Thinking the holiday liaison was something more serious than a brief romance, Mr. James returned home and added an Italian style extension to his house with the hope that the Contessa would join him in Wales. To make the house more homely, he furnished it with fine furniture, porcelain and paintings and in the courtyard, at the front of the house, he placed a large statue of an eagle sat on a plinth. Sadly, the Contessa never came to Wales and Mr. James’ dream of love remained unfulfilled. The disappointed solicitor resumed his daily train rides to work and remained a bachelor for the rest of his life.

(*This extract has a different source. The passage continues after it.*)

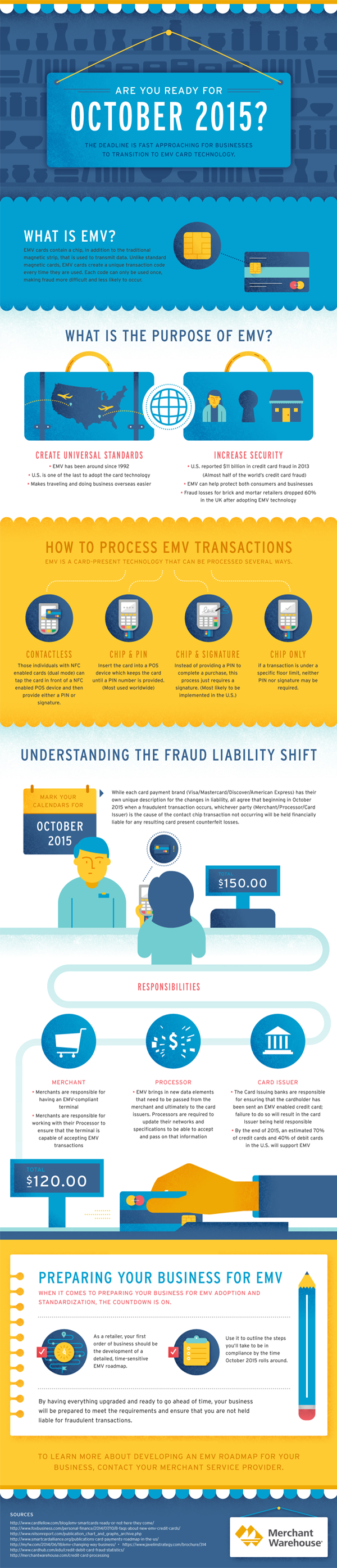 Preparing Your Business For EMV | Merchant Warehouse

In 1948, a butcher by the name of Bowen bought Vaynor Cottage. Bowen’s Irish wife, a teacher, wanted a name for the house that was more in keeping with its size and quirky character. It was Mrs Bowen who renamed the house ‘Hy Brasail’ after the mythical island from Irish folklore.
The eagle was either sold or stolen in the 1980s and the railway station at Pontsarn has long since closed. Today, the old rail bed is part of the Taff Trail and walkers who enjoy the path pass close to Hy Brasail, a structurally odd derelict building and one of the strangest looking houses in Wales.